Is a user visiting a webpage that belongs to a local newspaper an indication of compromise? I’ve seen backdoors that obtain their instructions from the attacker by doing exactly that. Without the right intelligence, i.e. that a particular website is part of an attacker’s command and control infrastructure, how would you identify that?
Experience is crucial, as it enables one to spend time looking into truly suspicious conditions, ignoring red herrings.
– What are the best ways to quickly detect intrusions?
– The most effective incident response teams have knowledgeable, motivated people that are passionate about computer security hunting for intruders in the network. These people should be equipped with tools that provide them the ability to quickly ask questions about the environment. What systems out there have artifacts A, B and C? What systems resolved the domain name abc.123.com on January 8, 2013 between 05:00 and 08:00 UTC? The more quickly they get answers, and the more of the environment the queries cover, the better. Our Mandiant Intelligent Response (MIR) tool is something that we have developed over the years to help such teams solve exactly this problem.
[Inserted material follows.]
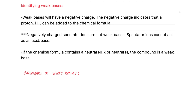To be able to identify a weak base, we can look at some of the common characteristics that they have as well. Weak bases will have a negative charge, and the negative charge indicates that a proton, H+, can be added to the chemical formula. Negatively charged spectator ions are not weak bases — spectator ions cannot act as an acid or a base. Also, if the chemical formula contains a neutral NH or neutral N, the compound is a weak base.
– Your method of remediation suggests typically 4 to 8 weeks of planning and 1-2 days of executing. But what do you observe in reality with organizations which do not use your method? How do they organize their time and how long does it take them to remediate?
– It depends on several factors. One is the size of the organization. A company with 135,000 systems on six continents will require more time to prepare than a small company with one office. Another is an organization’s willingness to support solving the problem.
An organization will ideally be ready to contain and eradicate the threat at the same time they understand the scope of the compromise. Organizations must determine what systems are infected with malware and how the attacker is accessing the network to develop an effective containment strategy. Proceeding with an incomplete understanding of the intrusion often means attackers retain access to an environment.
One to two days is typically the maximum amount of time organizations can feasibly be essentially disconnected from the Internet. With appropriate preparation, that is usually enough time to perform key tasks like replacing the infected systems and changing passwords, even in large, global companies.